## RECORDED INFORMATION
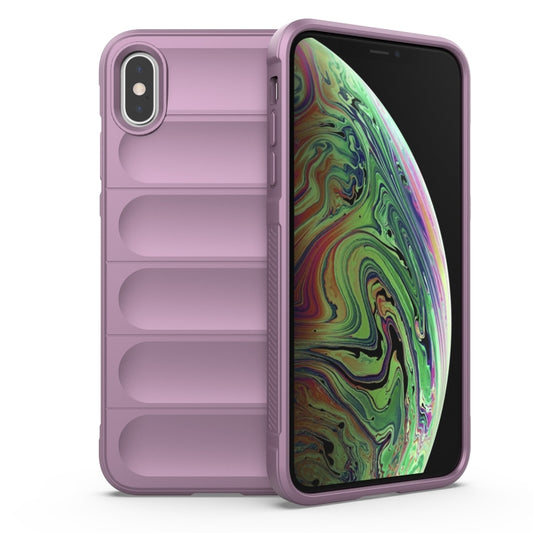 For iPhone XS Max Magic Shield TPU + Flannel Phone Case(Purple) - More iPhone Cases by buy2fix | Online Shopping UK | buy2fix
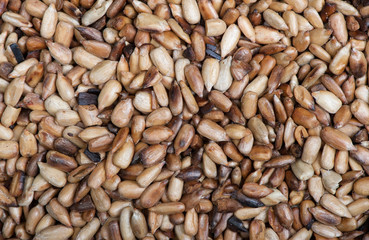 Overcooked peeled sunflower seeds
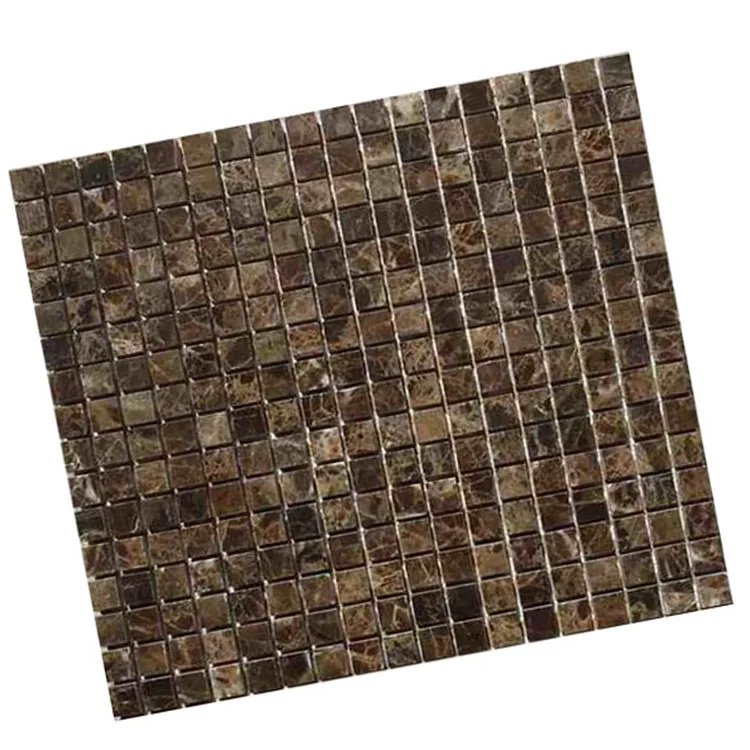 Wholesale Cheap hexagon swim pool 3d Diamond Marble mosaic tile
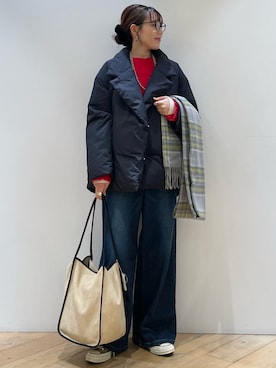 ひかりさん（レディース・162cm）の冬コーディネート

## WHAT IS EXPECTED
Make an exact copy of the listing, with no images in it.

## EXPECTED ANSWER
 For iPhone XS Max Magic Shield TPU + Flannel Phone Case(Purple) - More iPhone Cases by buy2fix | Online Shopping UK | buy2fix
 Overcooked peeled sunflower seeds
 Wholesale Cheap hexagon swim pool 3d Diamond Marble mosaic tile
 ひかりさん（レディース・162cm）の冬コーディネート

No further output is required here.